┌─ Input data
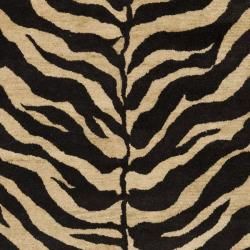 Handmade Zebra Beige Hand spun Wool Rug (5' x 8') Safavieh 5x8   6x9 Rugs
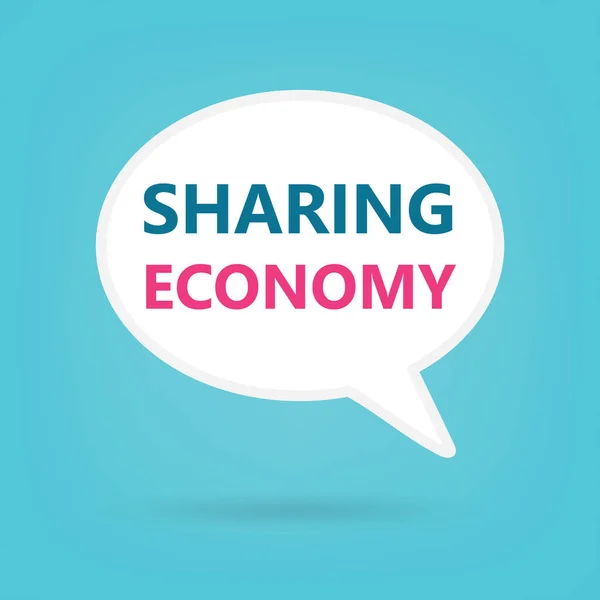 Sharing Economy Written Speech Bubble Vector Illustration — Stock Vector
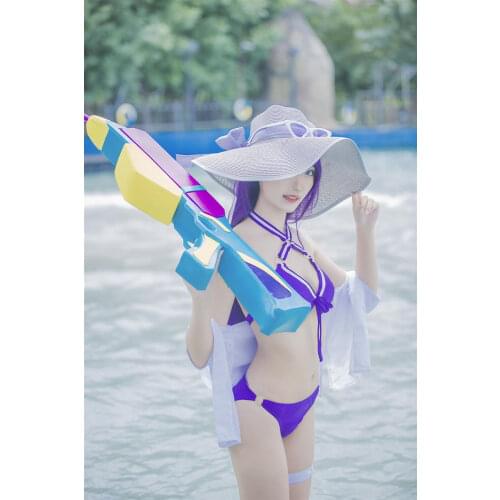 The Sheriff of Piltover Caitlyn cos skin Pool party cosplay Swimsuit cosplay anime game LOL costume not hat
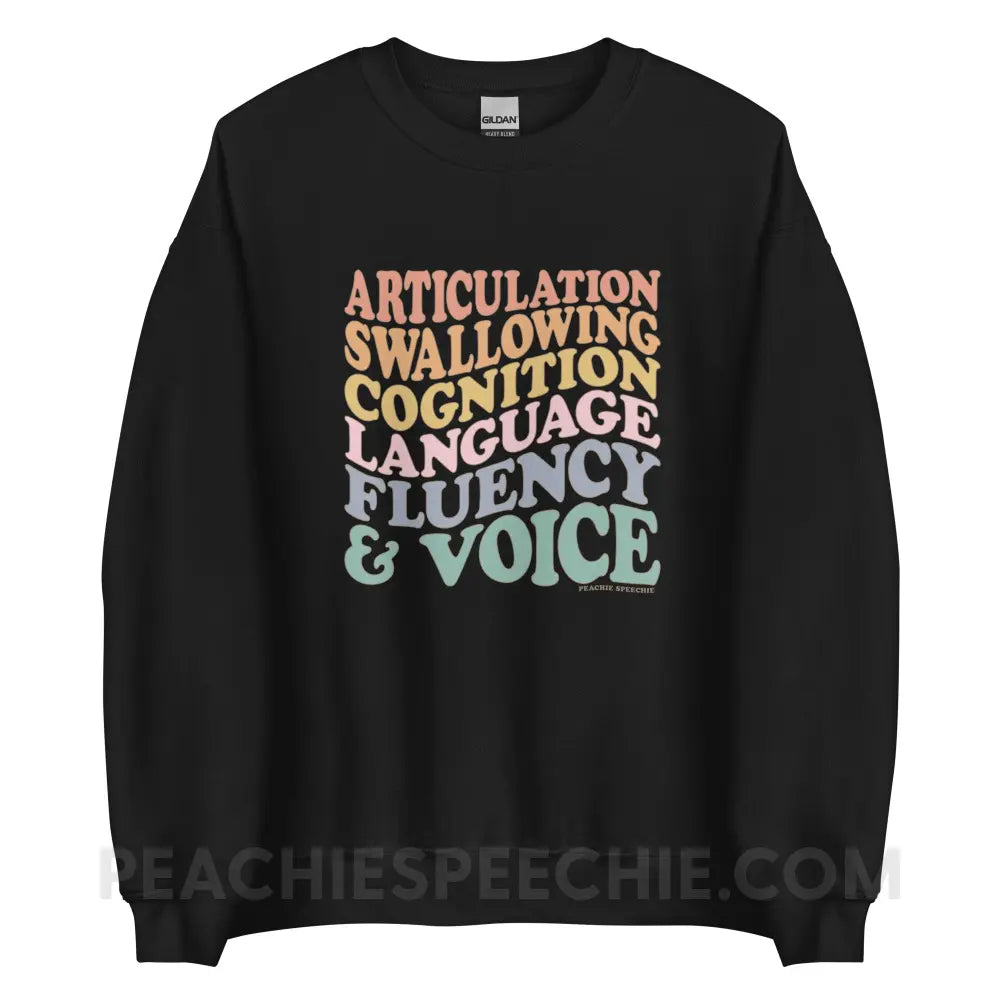 Wavy Speech Stuff Classic Sweatshirt - Black / S peachiespeechie.com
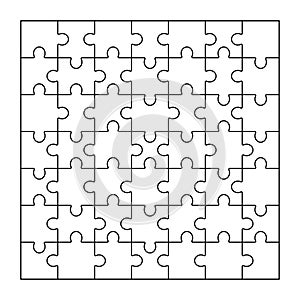 Jigsaw puzzle blank template of 49 pieces.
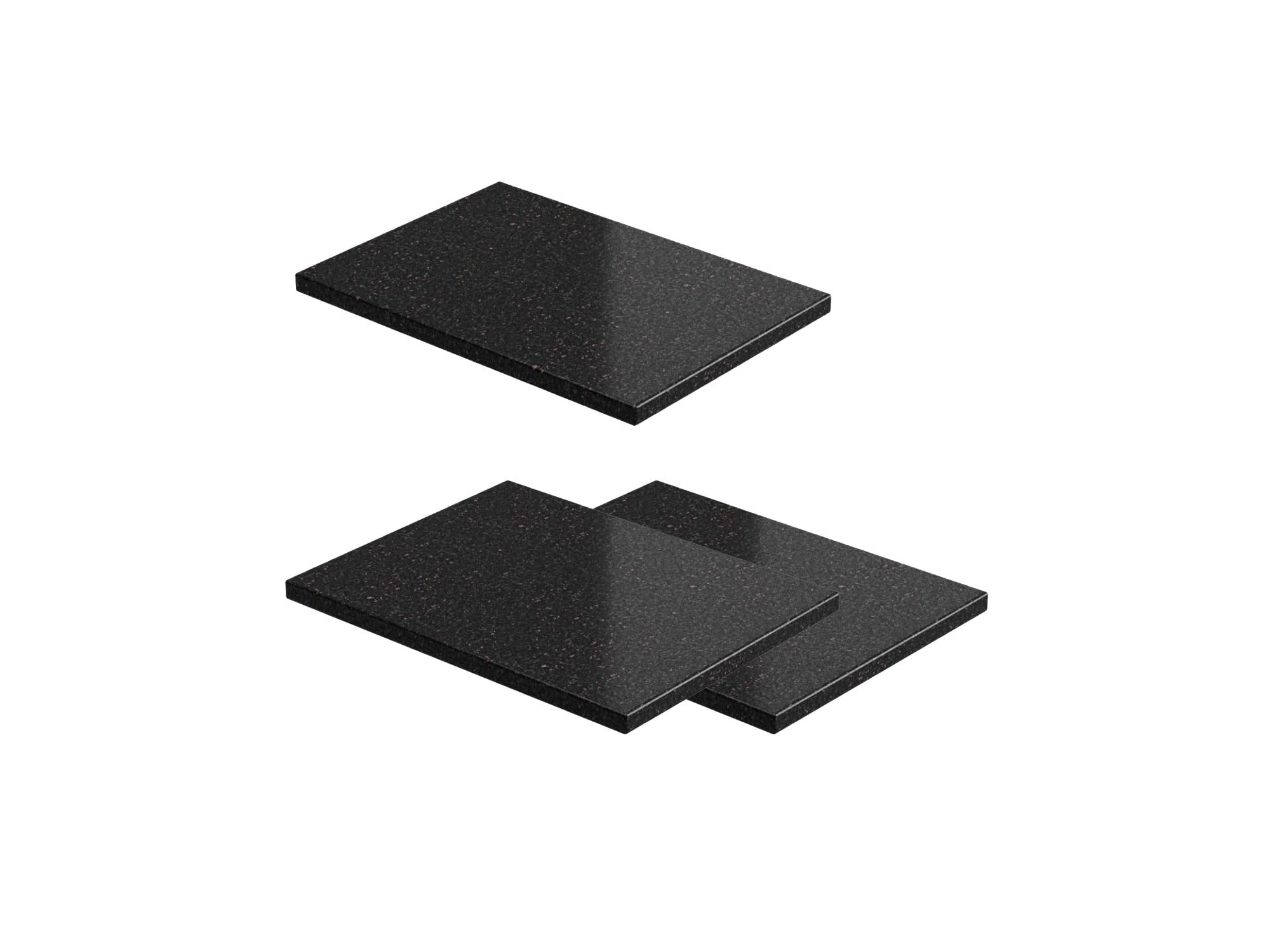 Black Galaxy Granite Countertop Bundle: (1) 18 in. Countertop, (2) 18 in. Countertop 1 Side Extended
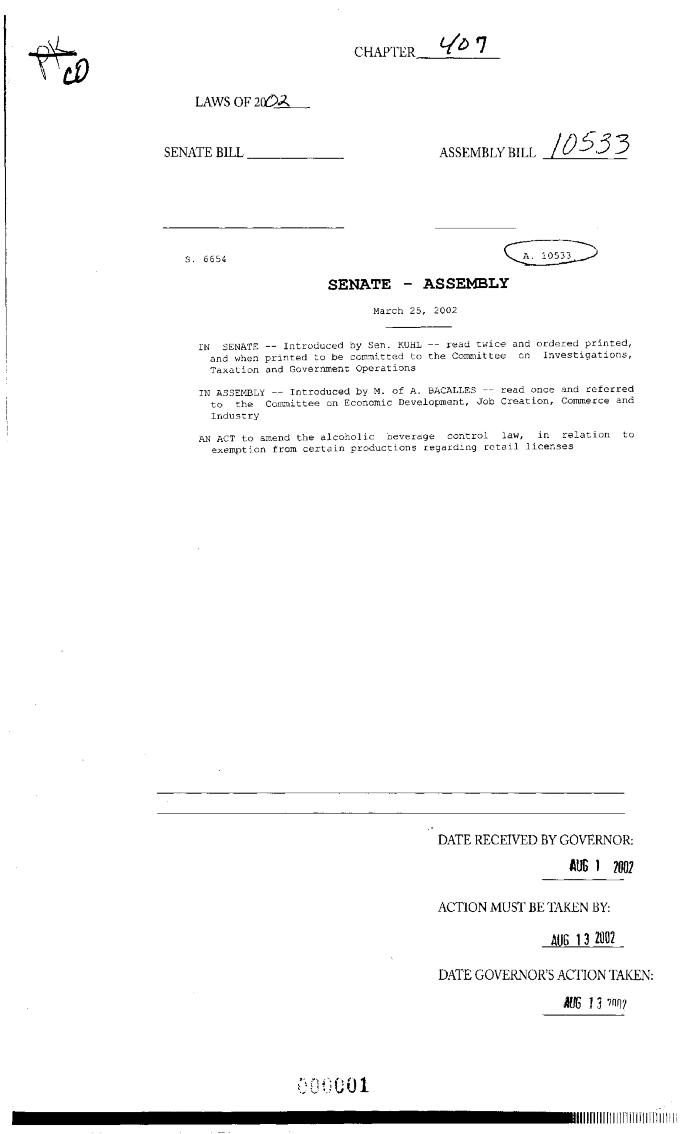 NYS Bill and Veto Jackets: 2002, Chapter 407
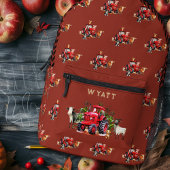 Red Farm Tractors Kids Personalized Backpack Bedrukte Rugzak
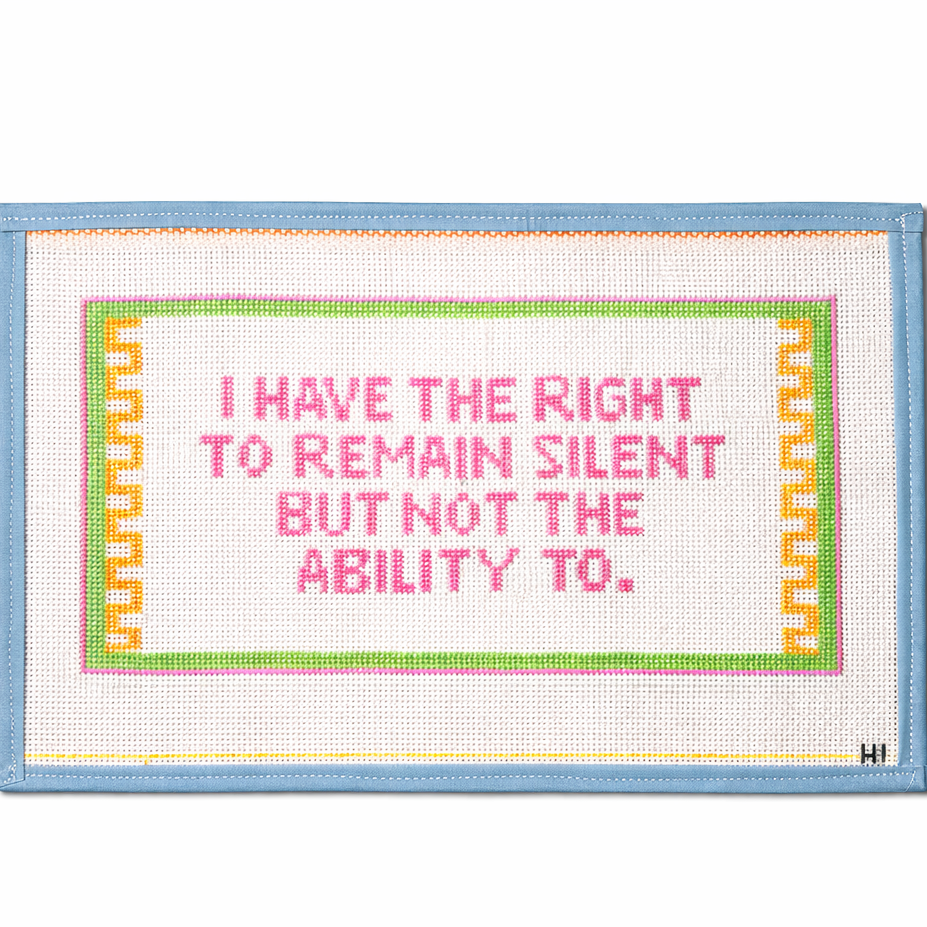 Handpainted Needlepoint Canvas Cheeky Saying | 13 Mesh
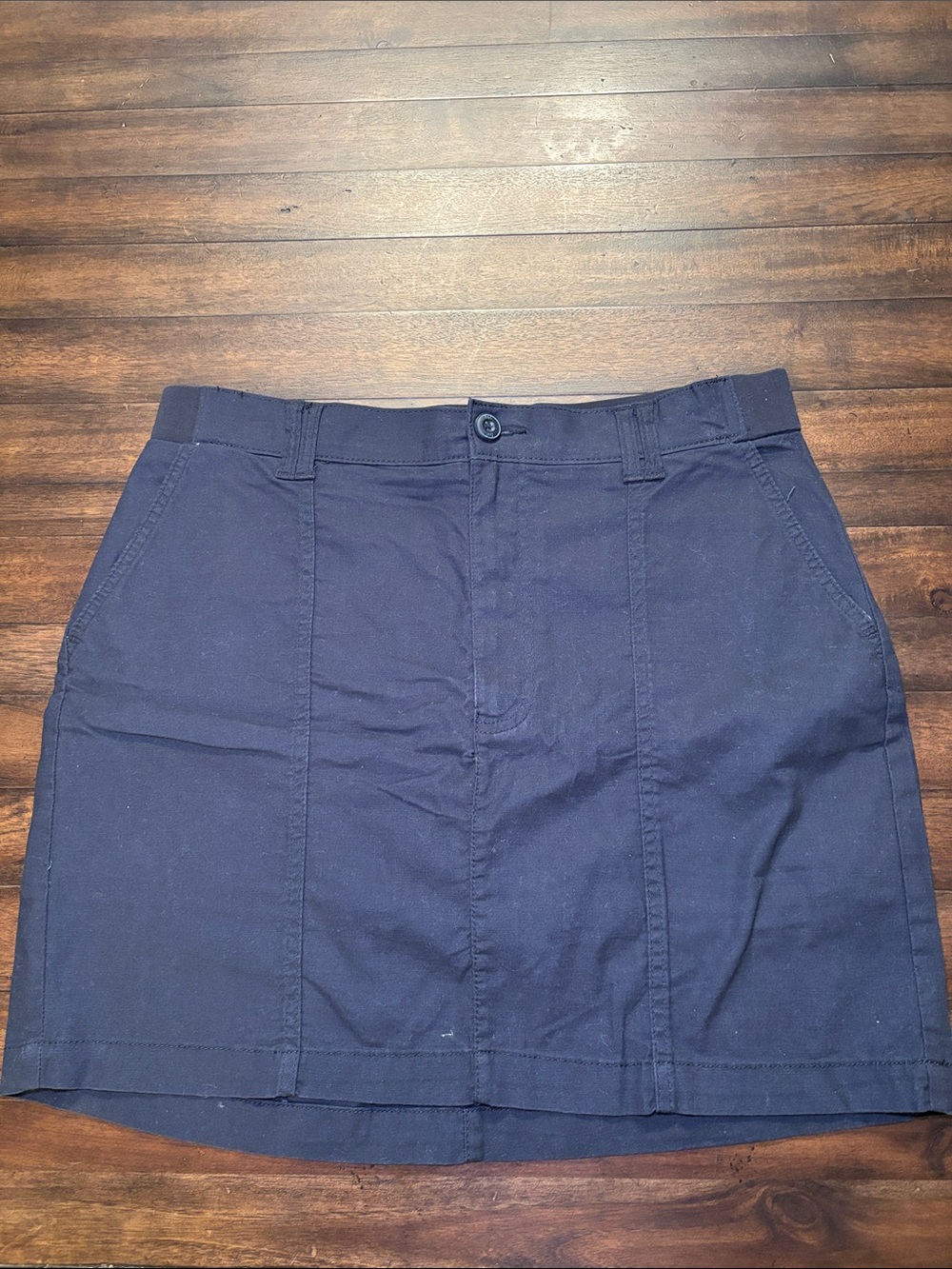 Worn Once Lee Black Mini Skirt with Front Seam Panels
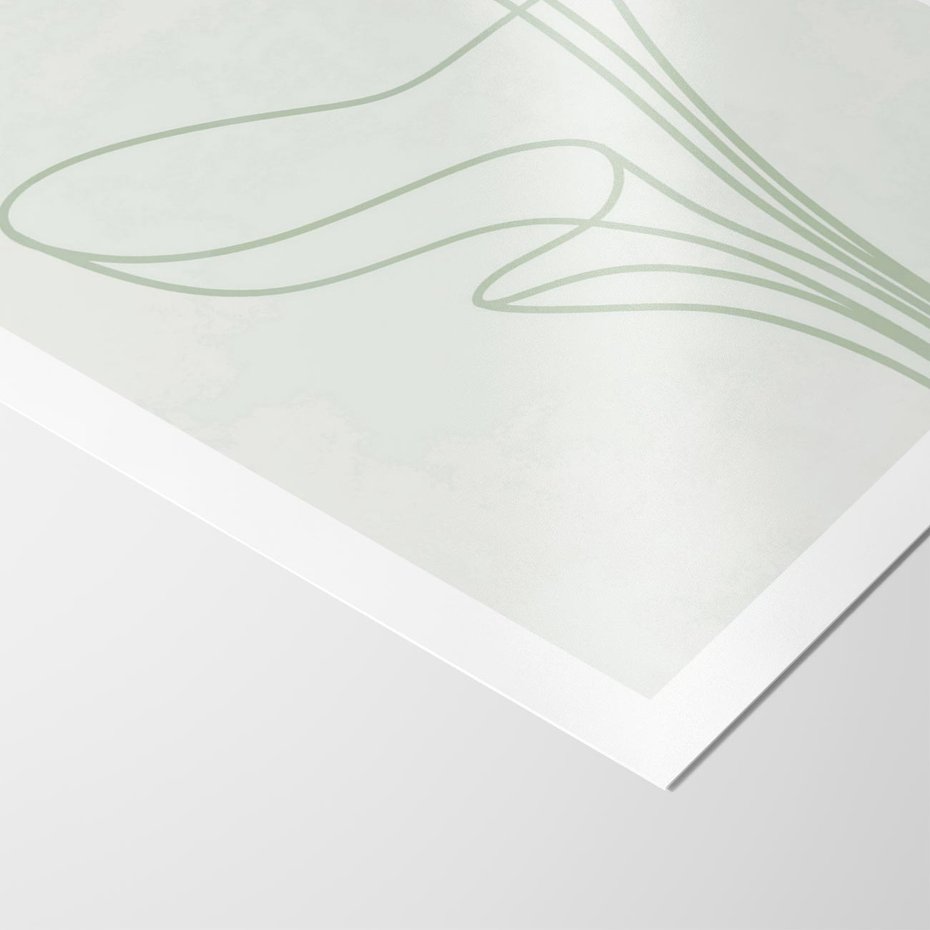 Plakat bez ramy 21x30 - Zielona Równowaga Linii - abstrakcyjne delikatne zielone linie, nowoczesny plakat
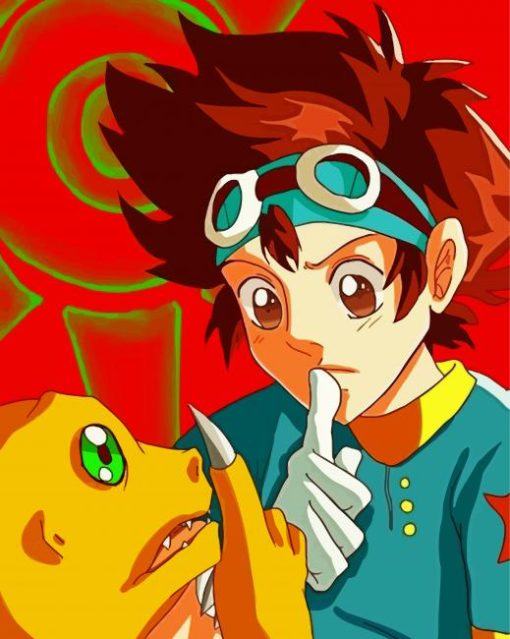 Agumon And Tai Kamiya paint by number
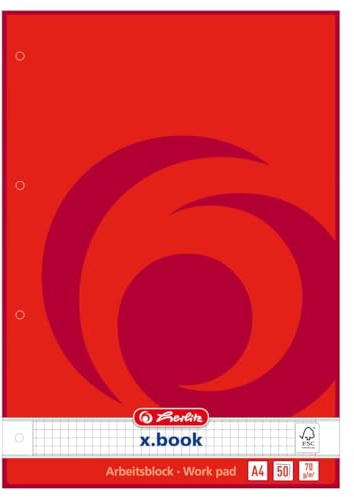 Herlitz 215434 Arbeitsblock x.book DIN A4, 50 Blatt, kariert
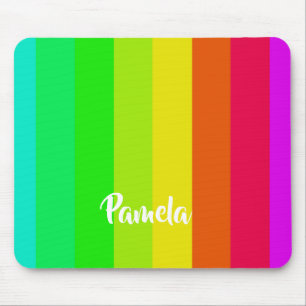 Colourful bright rainbow lines mouse pad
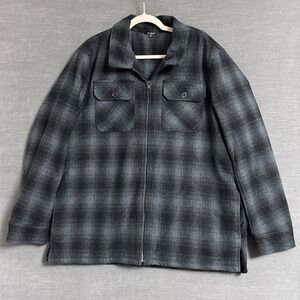 Stoic Jacket XL Gray Plaid Flannel Fleece Lined Shacket Coat Work Outdoor Grunge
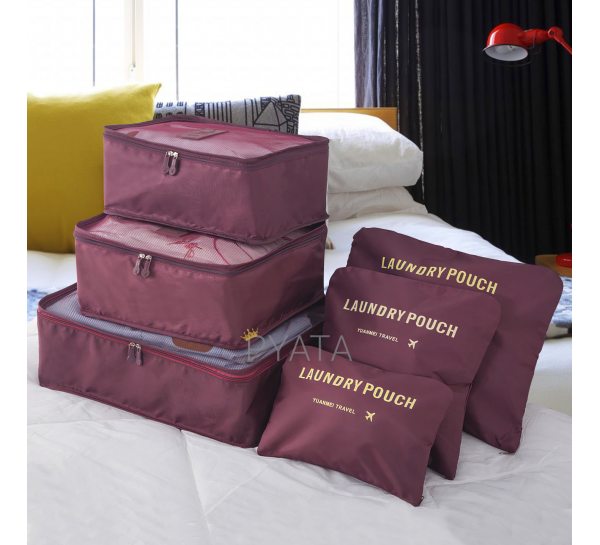 УЦЕНКА! Набор дорожных сумок-органайзеров для путешествий 6в1  Laundry Pouch Бордовый (205)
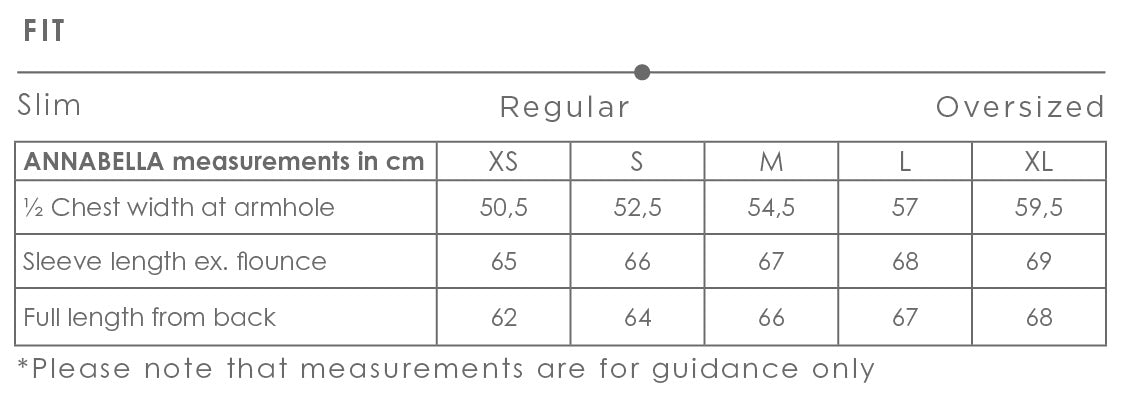 Annabella shirt size chart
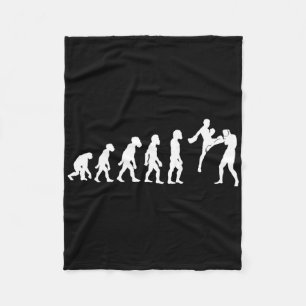 Funny Human Muay Thai Evolution Kickboxing Mma Box Fleece Blanket
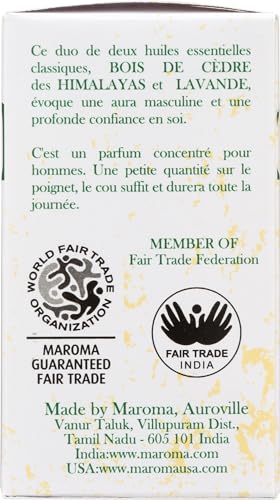 Cedar Lavender Perfume for Men - Organic Fragrance with Himalayan Cedar & Lavender, 0.33 FZ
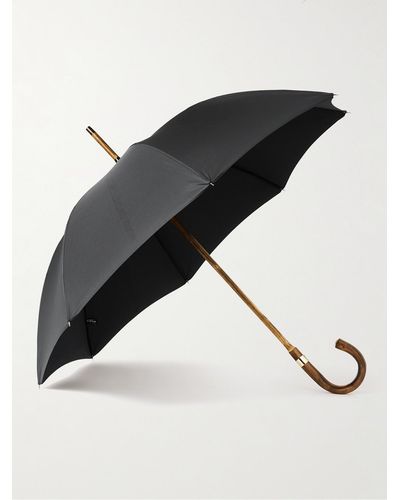 Kingsman London Undercover Regenschirm mit Griff aus Kastanienholz - Schwarz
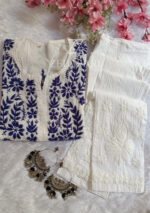 Sadiya Cotton Chikankari Long Kurti with Pant- Blue - Image 2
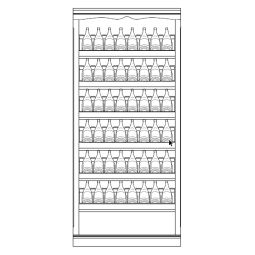 Piedmont wine rack system, model 9, oak veneer, dark brown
└─
Print the listing exactly, minus its pictures.

--- Task output ---
 Handmade Zebra Beige Hand spun Wool Rug (5' x 8') Safavieh 5x8   6x9 Rugs
 Sharing Economy Written Speech Bubble Vector Illustration — Stock Vector
 The Sheriff of Piltover Caitlyn cos skin Pool party cosplay Swimsuit cosplay anime game LOL costume not hat
 Wavy Speech Stuff Classic Sweatshirt - Black / S peachiespeechie.com
 Jigsaw puzzle blank template of 49 pieces.
 Black Galaxy Granite Countertop Bundle: (1) 18 in. Countertop, (2) 18 in. Countertop 1 Side Extended
 NYS Bill and Veto Jackets: 2002, Chapter 407
 Red Farm Tractors Kids Personalized Backpack Bedrukte Rugzak
 Handpainted Needlepoint Canvas Cheeky Saying | 13 Mesh
 Worn Once Lee Black Mini Skirt with Front Seam Panels
 Plakat bez ramy 21x30 - Zielona Równowaga Linii - abstrakcyjne delikatne zielone linie, nowoczesny plakat
 Agumon And Tai Kamiya paint by number
 Herlitz 215434 Arbeitsblock x.book DIN A4, 50 Blatt, kariert
 Colourful bright rainbow lines mouse pad
 Stoic Jacket XL Gray Plaid Flannel Fleece Lined Shacket Coat Work Outdoor Grunge
 УЦЕНКА! Набор дорожных сумок-органайзеров для путешествий 6в1  Laundry Pouch Бордовый (205)
 Annabella shirt size chart
 Funny Human Muay Thai Evolution Kickboxing Mma Box Fleece Blanket
 Cedar Lavender Perfume for Men - Organic Fragrance with Himalayan Cedar & Lavender, 0.33 FZ
 Kingsman London Undercover Regenschirm mit Griff aus Kastanienholz - Schwarz
 Sadiya Cotton Chikankari Long Kurti with Pant- Blue - Image 2
 Piedmont wine rack system, model 9, oak veneer, dark brown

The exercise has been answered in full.